From the line containing "John Pride Men" to the end of the data, retype every line exactly and nothing else. Drop the pictures.

Records from a collection
=== Section Start ===
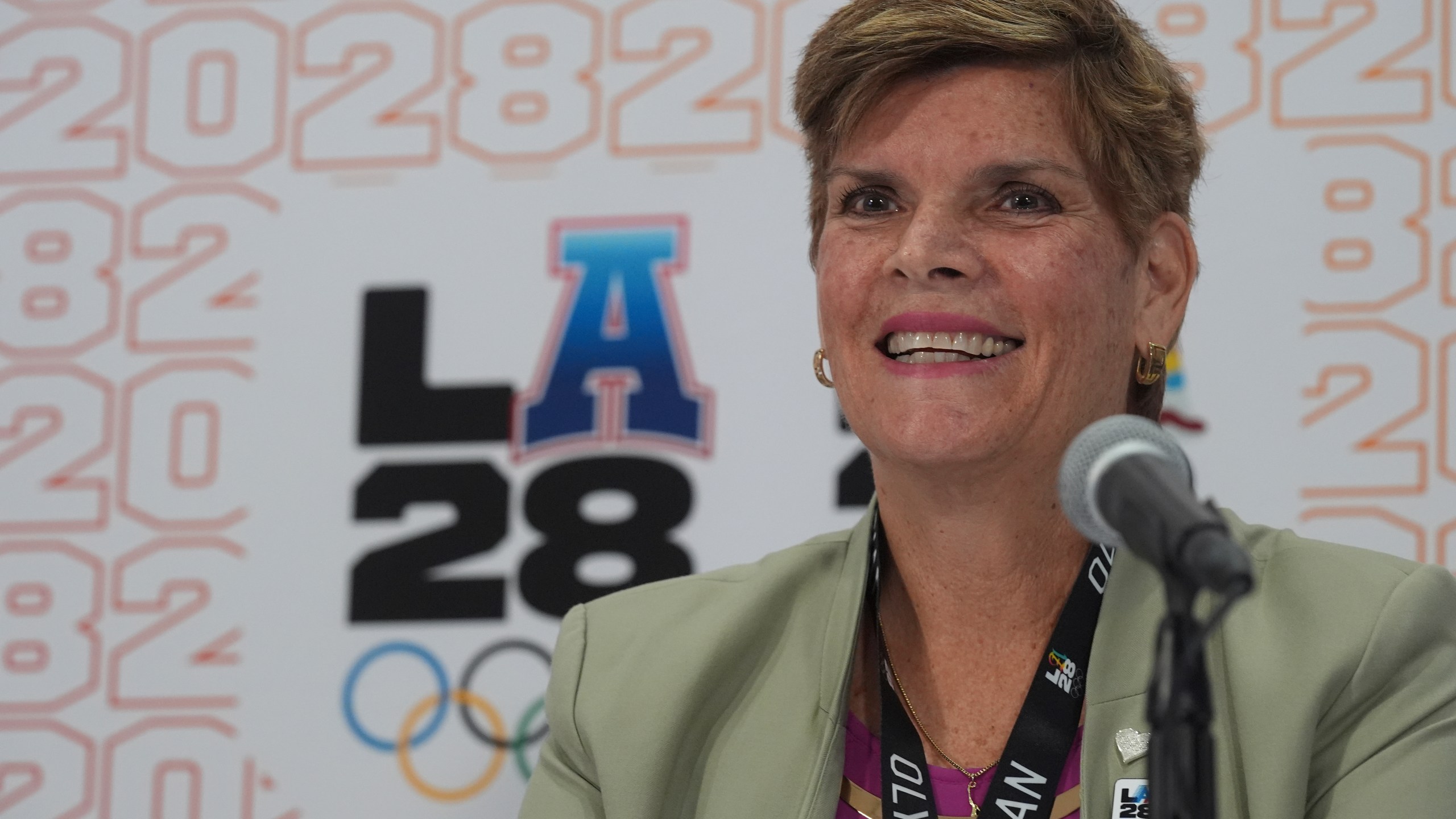 Nicole Hoevertsz, a former Olympian from Aruba who competed in synchronized swimming at the 1984 Los Angeles Olympic Games, now the IOC vice president and LA28 Coordination Commission chair, remembers her past experience competing in Los Angeles during a news conference in Los Angeles, Thursday, June 5, 2025. (AP Photo/Damian Dovarganes)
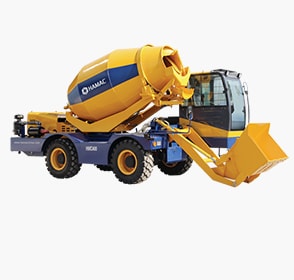 Self-loading concrete mixer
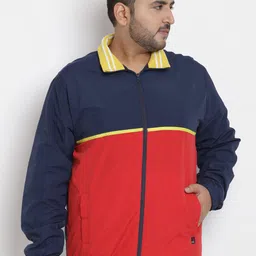 John Pride Men Plus Size Colourblocked Lightweight Open Front Jacket-3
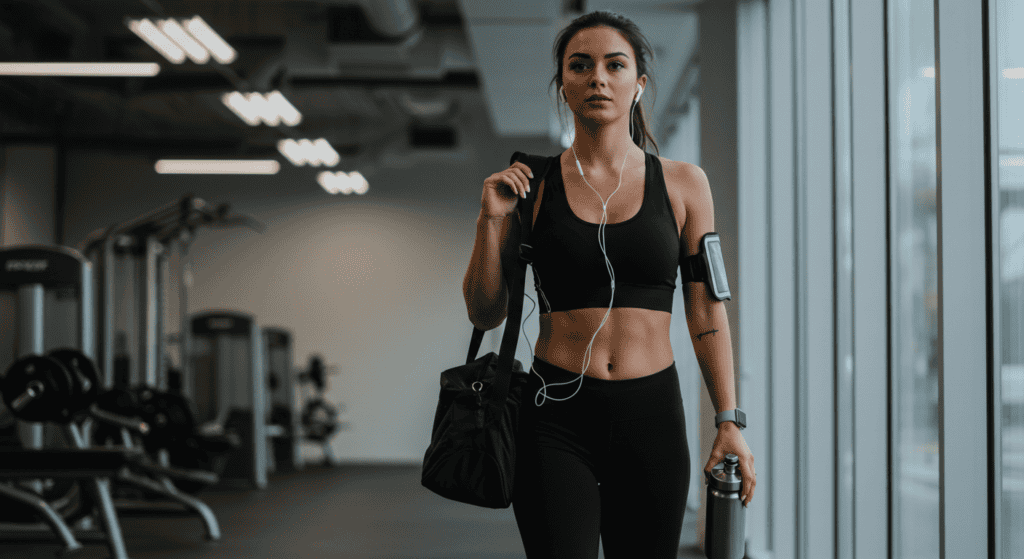 A woman walks into the gym wearing black shirt and leggings. What to wear to the gym is important.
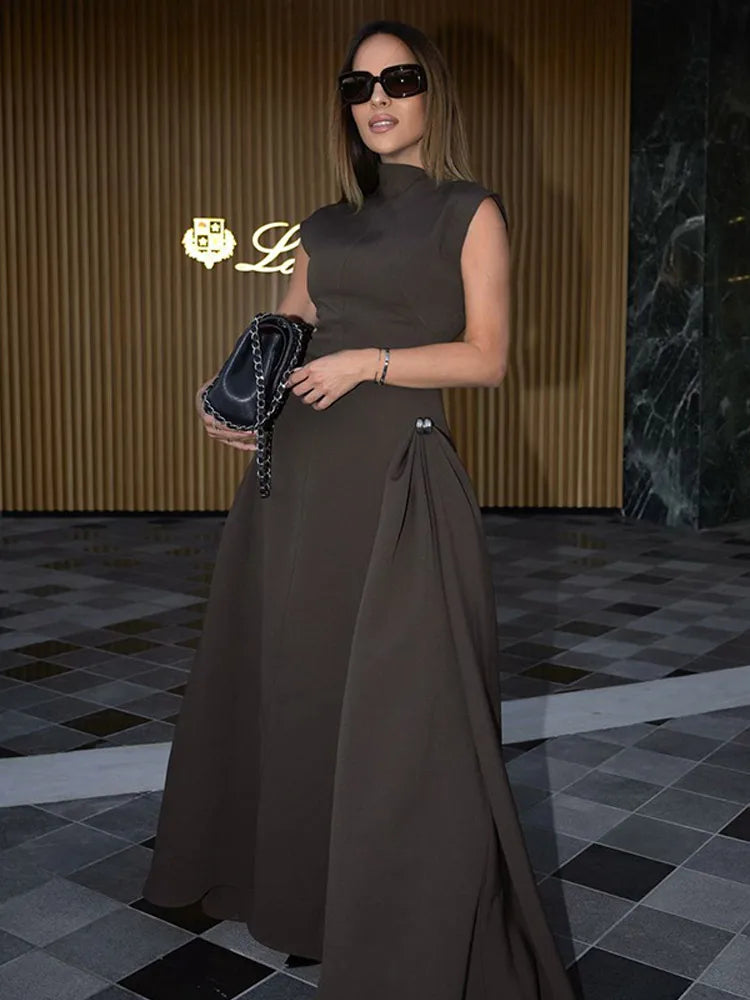 Contrast Patchwork Irregular Hem Evening Dress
=== Section End ===
> Solution for this task:
 John Pride Men Plus Size Colourblocked Lightweight Open Front Jacket-3
 A woman walks into the gym wearing black shirt and leggings. What to wear to the gym is important.
 Contrast Patchwork Irregular Hem Evening Dress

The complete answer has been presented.